Residual highs are antiforms with a core of salt that may be disconnected from the adjacent domes.

- In these structures, the high structural points have always been high and the lows always been in a low position. In other words, there is no tectonic inversion associated with them.

Turtle-back structures are also antiform structures. However:

-The high structural points were low, and vice versa. These structures are the result of tectonic inversions due to salt flowage. Therefore, when a turtle-back structure is proposed as a hydrocarbon trap, explorationists should date the tectonic inversion relatively to the migration time of the hydrocarbons. A priori, the migration time must postdate the trap formation.

Fig. 161- On this unmigrated seismic line (Seffel, 1968) from offshore Angola, Petrangol (Fina) and Total geologists recognized a large antiform structure with a thick residual salt in its core. At present time, this structure is quite well known. It contains two major oil fields, Girassol and Dalia.

Residual salt highs are illustrated in figures below (fig. 163 and 164).

Fig. 163- A residual salt high is located between two Tertiary depocenters. At present time, salt rollers are the vestiges of the pristine salt domes.

Fig. 164- The large overburden structural highs should not be taken as residual high. Indeed, they cannot be explained by halokinesis alone. As we will see later, a raft tectonics hypothesis is by far the best explanation for Meso-Cenozoic highs between Tertiary depocenters.
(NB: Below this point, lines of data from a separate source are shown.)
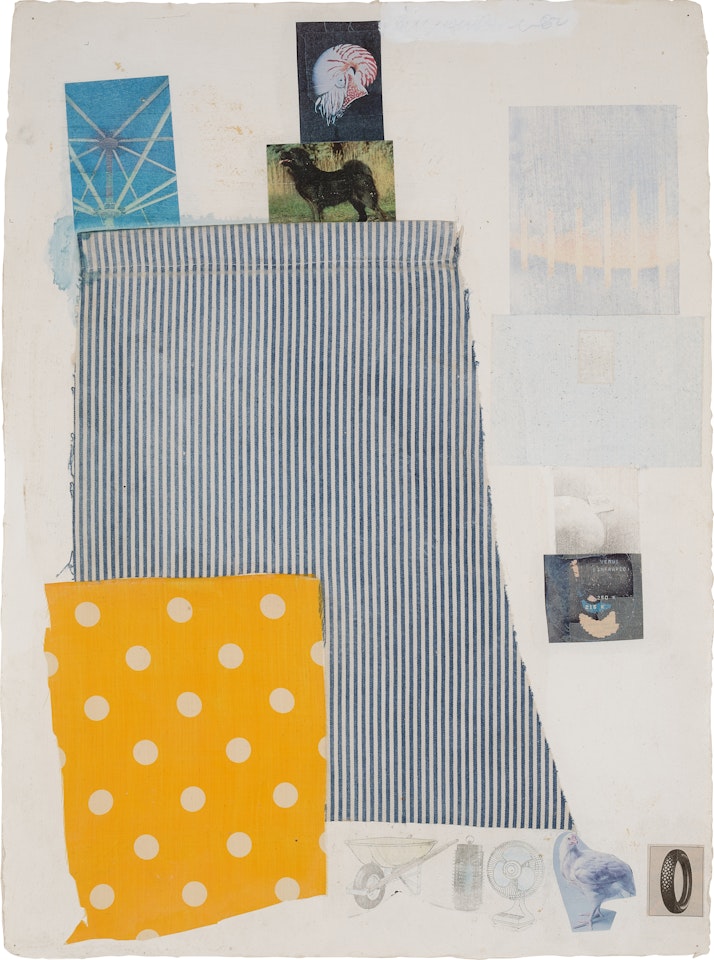 Combine Drawing by Robert Rauschenberg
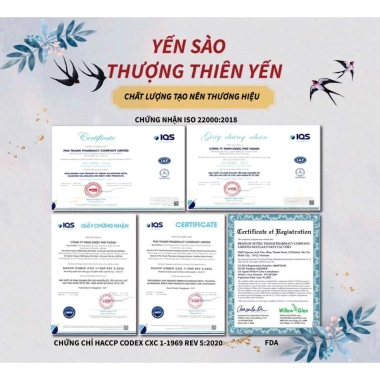 Hộp Quà 10 Hũ Yến Chưng 70ml - Yến Sào Gia Lai Chính Hãng, Giảm Giá Sốc 426.550 VND
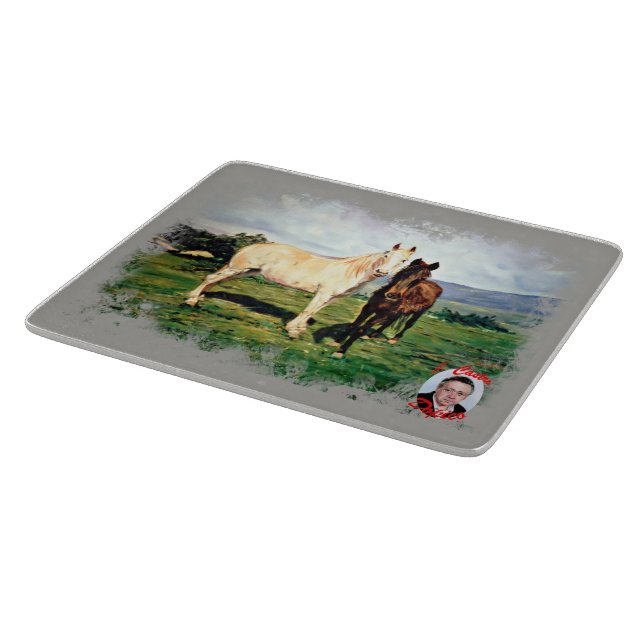 Planche À Découper Chevaux/Cabalos/Horses (Coin)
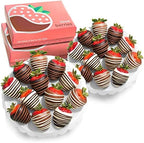 A Gift Inside 24 Dark, Milk & White Delight Chocolate Covered Strawberries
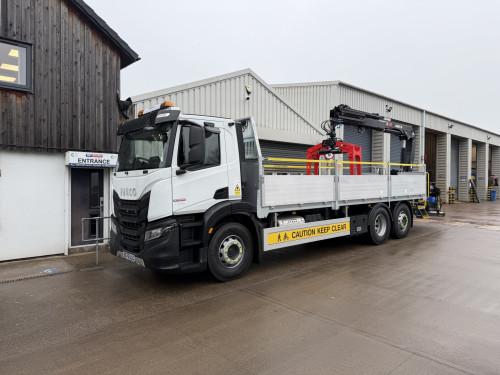 26T Dropside with Rear Mounted Crane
5.2- Turtle-Back Structures

Explorationists working on salt basins recognized antiform structures between salt domes as one of the best potential hydrocarbon trap targets. A lot of these targets were tested. However, after a large number of dry wells, explorationists tried to understand how these structures were formed. Trusheim proposed a halokinetic geological model (fig. 165) to explain these interdomal antiform structures that he named “turtle-back structures”. In Trusheim’s model, three structural stages can be recognized:

a) The first stage corresponds to the deposition of the salt mother layer. Such a stage may also include the deposition of a thin overburden interval, in order to increase the geostatic pressure until the salt layer is able to flow.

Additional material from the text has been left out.